Goward suggests if indeed Russia was behind the Black Sea navigation problems, it could be for a number of reasons. But regardless, he feels it’s time to do whatever it takes to prevent these types of disruptions.

“Maybe it was to encourage use of the Russian GLONASS satellite navigation system or their terrestrial Loran system, called Chayka, instead of GPS. Perhaps it was for some security reason known only to them,” Goward wrote on the RNT Foundation website.

He told Inside GNSS: “Who’s in charge of figuring out what happened? It was in the Black Sea, so not in U.S. waters. I can virtually guarantee it was not a U.S. flag ship. If the intelligence community figures out what happened, they’re not going to tell anybody. I’m not sure what the motivation for anybody to figure out what happened is. It sounds like a lot of work.”

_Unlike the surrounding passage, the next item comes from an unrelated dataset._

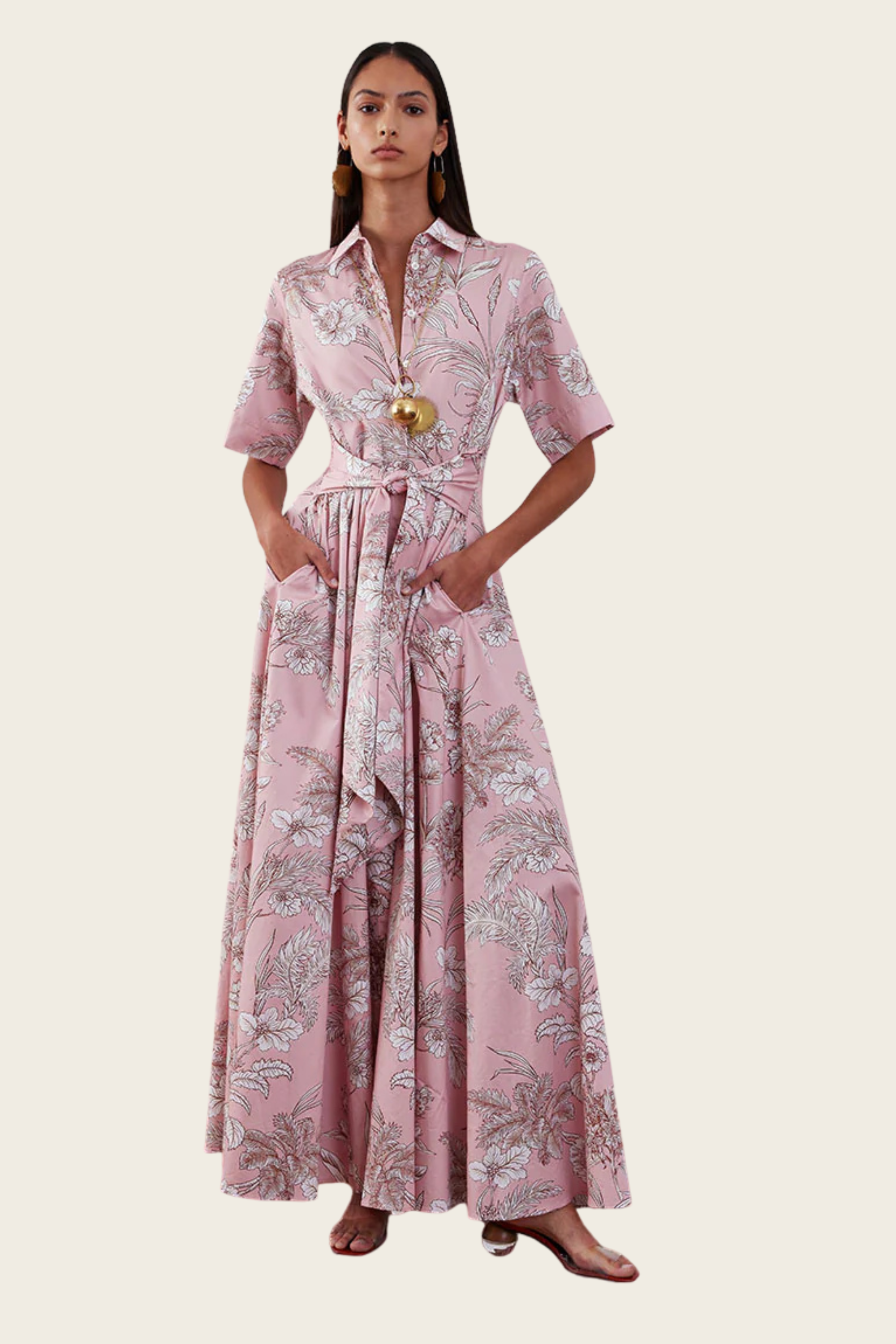 Jungle Pink Posie Cotton Maxi Dress - Borgo de Nor, Material: 100% cotton, Boxy short sleeves, Cinched waist, New Arrivals, SS26, Espace Cannelle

The former Coast Guard executive did say that the Coast Guard is currently working on new programs to help prevent attacks on GPS systems.

“The Coast Guard is trying hard on cyber security and they consider GPS disruption a cyber security problem,” he said. “They are developing the cyber security guidelines for ports right now.
I’m not sure where they are on cyber security guidelines for ships.”

He did add, however, that the Coast Guard, to date, has not shared any details on the Black Sea incident in terms of explaining what happened or how to avoid this in the future.

These concerns are not new at all. Goward referenced a 2011 incident in which a CIA drone reportedly ended up in the hands of the Iranians, and another case a couple years ago when a Navy boat wandered into Iranian territory unexpectedly.

In the November/December 2016 issue of Inside GNSS, Goward shared his thoughts on GPS resiliency in an article on how GNSS will fare under the Trump administration.

“GPS signals are America’s least visible and most vulnerable infrastructure,” said Goward in that earlier article. “Building an eLoran complement and backup for GPS will make America stronger, create jobs, and eliminate a strategic advantage that countries like China, Russia, and Iran can hold over our heads. An eLoran network should be part of any U.S. infrastructure program.”